>>>>

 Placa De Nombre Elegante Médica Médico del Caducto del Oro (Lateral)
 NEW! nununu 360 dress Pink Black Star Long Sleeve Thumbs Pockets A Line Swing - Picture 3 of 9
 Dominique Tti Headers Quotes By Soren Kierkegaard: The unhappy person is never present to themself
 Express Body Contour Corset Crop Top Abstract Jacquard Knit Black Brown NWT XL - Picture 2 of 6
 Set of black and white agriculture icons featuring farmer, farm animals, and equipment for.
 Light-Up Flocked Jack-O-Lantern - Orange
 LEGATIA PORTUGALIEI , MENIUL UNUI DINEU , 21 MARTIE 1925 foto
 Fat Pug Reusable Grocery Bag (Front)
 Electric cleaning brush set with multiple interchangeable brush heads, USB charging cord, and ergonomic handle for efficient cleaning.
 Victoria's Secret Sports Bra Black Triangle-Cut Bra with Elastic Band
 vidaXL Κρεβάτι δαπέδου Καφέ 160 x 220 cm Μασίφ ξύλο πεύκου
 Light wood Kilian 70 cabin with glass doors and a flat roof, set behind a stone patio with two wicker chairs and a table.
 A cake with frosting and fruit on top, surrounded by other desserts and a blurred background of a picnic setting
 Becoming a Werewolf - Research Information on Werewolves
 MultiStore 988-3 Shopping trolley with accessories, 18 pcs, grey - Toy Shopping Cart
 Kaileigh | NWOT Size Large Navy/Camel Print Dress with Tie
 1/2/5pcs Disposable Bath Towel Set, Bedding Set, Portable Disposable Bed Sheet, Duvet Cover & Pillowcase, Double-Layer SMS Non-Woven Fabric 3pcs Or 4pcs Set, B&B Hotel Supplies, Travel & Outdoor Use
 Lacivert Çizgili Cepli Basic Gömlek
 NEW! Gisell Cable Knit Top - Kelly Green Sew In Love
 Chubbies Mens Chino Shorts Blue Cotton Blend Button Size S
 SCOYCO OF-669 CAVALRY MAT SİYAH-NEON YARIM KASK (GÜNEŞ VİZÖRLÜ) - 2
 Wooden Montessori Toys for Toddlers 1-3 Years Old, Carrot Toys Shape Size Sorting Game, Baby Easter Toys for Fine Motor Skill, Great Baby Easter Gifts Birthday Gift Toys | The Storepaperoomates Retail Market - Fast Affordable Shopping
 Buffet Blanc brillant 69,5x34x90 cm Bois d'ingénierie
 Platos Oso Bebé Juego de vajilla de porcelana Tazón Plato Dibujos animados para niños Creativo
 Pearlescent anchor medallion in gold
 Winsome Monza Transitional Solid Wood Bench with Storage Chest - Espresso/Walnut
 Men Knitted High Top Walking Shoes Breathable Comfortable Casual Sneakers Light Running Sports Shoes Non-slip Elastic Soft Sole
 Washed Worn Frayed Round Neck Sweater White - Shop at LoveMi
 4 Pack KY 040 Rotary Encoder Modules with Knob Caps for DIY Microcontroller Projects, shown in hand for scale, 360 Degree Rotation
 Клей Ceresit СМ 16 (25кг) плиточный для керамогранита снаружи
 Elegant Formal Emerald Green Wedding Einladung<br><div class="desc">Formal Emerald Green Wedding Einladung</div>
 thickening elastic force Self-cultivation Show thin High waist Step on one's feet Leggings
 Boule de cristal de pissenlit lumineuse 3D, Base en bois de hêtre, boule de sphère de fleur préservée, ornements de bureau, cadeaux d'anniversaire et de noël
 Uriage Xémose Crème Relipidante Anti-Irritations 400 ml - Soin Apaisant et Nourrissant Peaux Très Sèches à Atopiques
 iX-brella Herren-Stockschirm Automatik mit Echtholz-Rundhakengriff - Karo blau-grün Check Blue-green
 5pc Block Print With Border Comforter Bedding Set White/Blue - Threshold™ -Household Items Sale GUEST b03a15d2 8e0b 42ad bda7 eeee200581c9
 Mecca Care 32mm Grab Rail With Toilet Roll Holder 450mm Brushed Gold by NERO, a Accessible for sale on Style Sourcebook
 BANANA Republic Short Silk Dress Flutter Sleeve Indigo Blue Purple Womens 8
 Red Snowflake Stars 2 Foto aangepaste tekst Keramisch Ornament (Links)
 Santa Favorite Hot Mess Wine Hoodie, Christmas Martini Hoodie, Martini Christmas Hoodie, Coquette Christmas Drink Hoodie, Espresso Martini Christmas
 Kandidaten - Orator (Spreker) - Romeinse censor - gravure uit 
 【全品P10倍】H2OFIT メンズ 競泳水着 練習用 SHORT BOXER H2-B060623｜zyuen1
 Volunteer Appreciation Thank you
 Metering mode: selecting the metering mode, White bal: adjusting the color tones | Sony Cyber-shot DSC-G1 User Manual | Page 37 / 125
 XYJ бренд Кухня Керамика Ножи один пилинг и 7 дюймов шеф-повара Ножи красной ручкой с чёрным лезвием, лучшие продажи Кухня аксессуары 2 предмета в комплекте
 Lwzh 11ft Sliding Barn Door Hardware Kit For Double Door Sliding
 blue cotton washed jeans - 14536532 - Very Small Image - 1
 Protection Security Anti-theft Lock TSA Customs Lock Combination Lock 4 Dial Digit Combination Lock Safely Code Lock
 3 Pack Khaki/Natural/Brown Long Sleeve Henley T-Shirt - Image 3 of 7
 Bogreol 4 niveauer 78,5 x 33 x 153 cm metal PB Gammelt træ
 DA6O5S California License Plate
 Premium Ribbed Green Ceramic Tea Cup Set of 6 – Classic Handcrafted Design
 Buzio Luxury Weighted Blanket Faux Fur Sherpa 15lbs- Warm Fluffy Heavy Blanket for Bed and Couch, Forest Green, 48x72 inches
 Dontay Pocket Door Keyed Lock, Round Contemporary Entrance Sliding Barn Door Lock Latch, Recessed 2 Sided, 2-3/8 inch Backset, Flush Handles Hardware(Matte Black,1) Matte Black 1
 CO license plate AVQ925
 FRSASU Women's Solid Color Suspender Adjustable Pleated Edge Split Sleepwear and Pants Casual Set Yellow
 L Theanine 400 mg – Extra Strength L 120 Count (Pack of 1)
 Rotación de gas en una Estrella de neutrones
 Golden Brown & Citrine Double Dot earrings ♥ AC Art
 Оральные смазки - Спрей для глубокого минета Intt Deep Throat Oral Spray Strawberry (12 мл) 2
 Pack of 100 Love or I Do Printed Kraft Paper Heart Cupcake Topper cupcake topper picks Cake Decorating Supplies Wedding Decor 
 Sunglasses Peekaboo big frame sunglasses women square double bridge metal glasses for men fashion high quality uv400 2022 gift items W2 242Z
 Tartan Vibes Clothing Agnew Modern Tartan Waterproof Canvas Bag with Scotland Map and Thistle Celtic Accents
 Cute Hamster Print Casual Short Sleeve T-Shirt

<<<<

What you need to do:
Reproduce only the lines from the top of the material through the one bearing "Dominique Tti Headers", each exactly as it stands.

Answer box:
 Placa De Nombre Elegante Médica Médico del Caducto del Oro (Lateral)
 NEW! nununu 360 dress Pink Black Star Long Sleeve Thumbs Pockets A Line Swing - Picture 3 of 9
 Dominique Tti Headers Quotes By Soren Kierkegaard: The unhappy person is never present to themself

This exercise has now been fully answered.